Figure 12 - Starting Date for Family Planning Program and Contraceptive Prevalence, Selected Countries

SOURCE: Based on World Bank (1993a).
aDates indicate year of program start.

Field experiments usually indicate that well-done family planning programs are welcomed and make a difference. Researchers have looked at various elements of programs - the use of home visits, field-worker incentives, consistent supervision of field workers, pill prescription practices, postpartum education, etc. - to confirm a small but significant program effect on contraceptive acceptance or continuation (Bauman, 1994). Focusing on specific features of small-area programs, experiments can clearly demonstrate the contribution of program activities and exclude other explanations for changes in contraceptive use and fertility, in the process illustrating useful options for programs. However, such experiments do not address whether programs can have broader, nationwide effects.

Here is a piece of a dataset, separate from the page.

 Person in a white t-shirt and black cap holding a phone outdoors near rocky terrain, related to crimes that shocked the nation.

This effect must be assessed against that of socioeconomic development. Improved standards of living should make contraceptives more affordable, as well as convincing many couples to opt for smaller families. Do programs then merely substitute for private provision of contraceptives - are they a natural but superfluous government response to consumer demand and consequent public pressure? Or do programs, through their promotional activities and the services they provide (much more promptly than market mechanisms would), play a leading role in reducing fertility?

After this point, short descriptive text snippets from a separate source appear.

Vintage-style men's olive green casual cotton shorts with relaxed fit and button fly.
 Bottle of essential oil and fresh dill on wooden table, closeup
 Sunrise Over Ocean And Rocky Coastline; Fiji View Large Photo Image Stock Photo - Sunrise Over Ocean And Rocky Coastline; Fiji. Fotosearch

Answering such questions and determining the historical contribution of large national programs is difficult. Comparisons are necessary across countries with different types of programs or with no programs. Analysts have generally relied on a reputational measure of "program effort," produced by rating 90 or so national programs with regard to the access they provide to contraceptive methods, their management effectiveness, their efforts at informing and educating people, and a number of other such dimensions, 30 in all. Analysis of program effort scores confirms that programs have been more active in more advanced developing countries. Socioeconomic development allows programs to operate more efficiently and, in leading to lower fertility preferences, to be more effective at providing contraceptive services. But relatively high levels of development, although helpful, do not appear to be essential. Bangladesh, one of the world's 20 poorest countries, has a program rated among the 10 best in the developing world and has seen a substantial decline in fertility over the last decade.

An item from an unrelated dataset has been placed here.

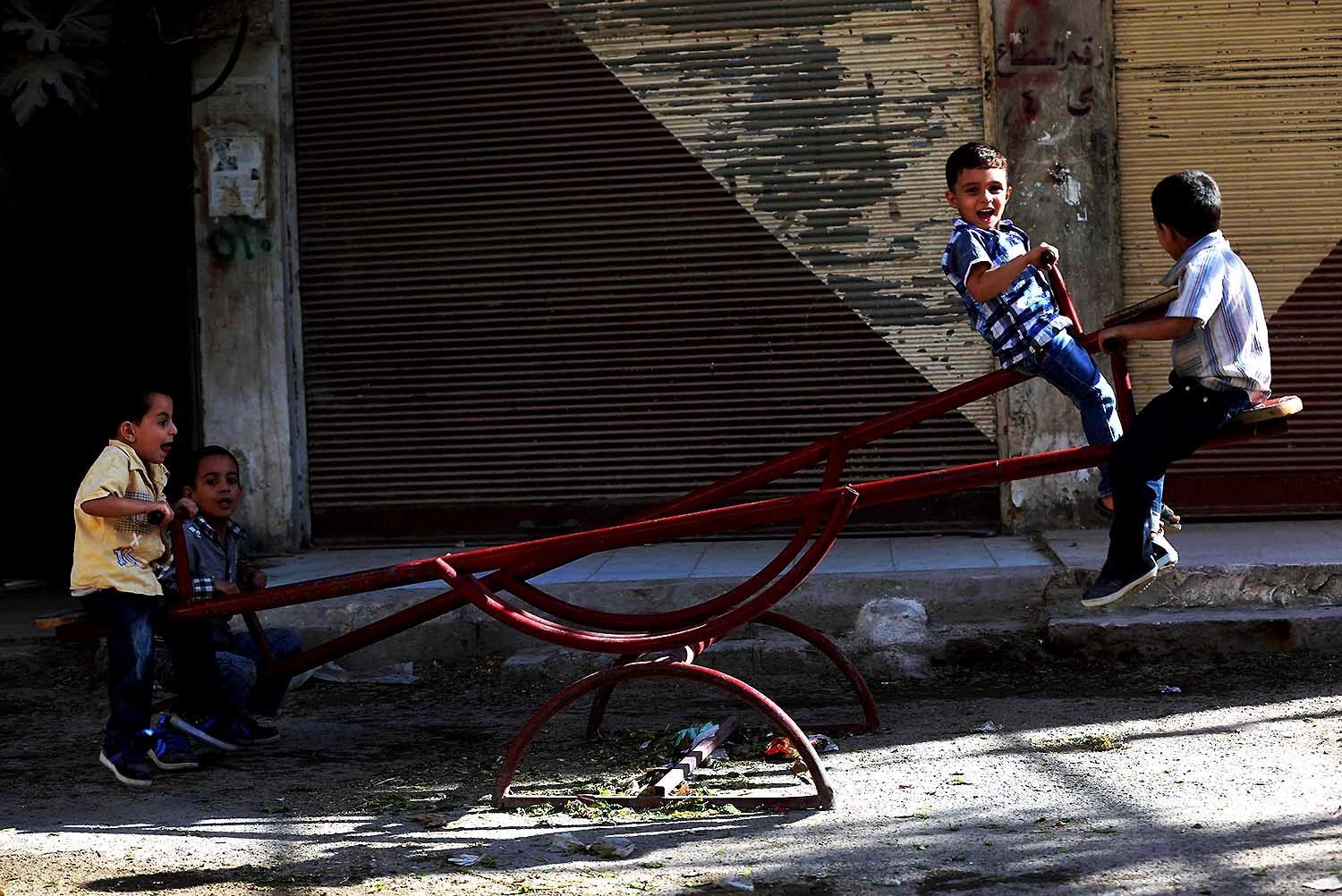 Boys play on a see-saw in Arbin. — AFP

Multivariate statistical analysis suggests, in fact, that family planning programs do contribute independently to reduced fertility, even when the effects of socioeconomic development are accounted for. Cross-sectional regressions indicate that effective programs have a smaller effect than such factors as rising levels of female education but still reduce fertility - net of such other factors - by perhaps one-and-a-half births per woman. Skeptics put the reduction at only one birth instead but do not deny it exists (Pritchett, 1994a, 1994b). The reduction is in the region of 40 percent of the fertility decline in developing countries from the 1960s to the end of the 1980s (Bongaarts, forthcoming).

Cross-national statistical analysis, like experimental work, therefore indicates that family planning programs contribute to contraceptive use and lower fertility. But both types of studies agree that the contribution is contingent. Programs are not uniformly successful; their effects are influenced by the social context (level of development, cultural factors, political support) and depend on program performance (on the quality of program effort, the design of interventions, the adequacy of supervision of service providers, etc.). A brief overview of these factors affecting program effectiveness helps clarify when and why programs work.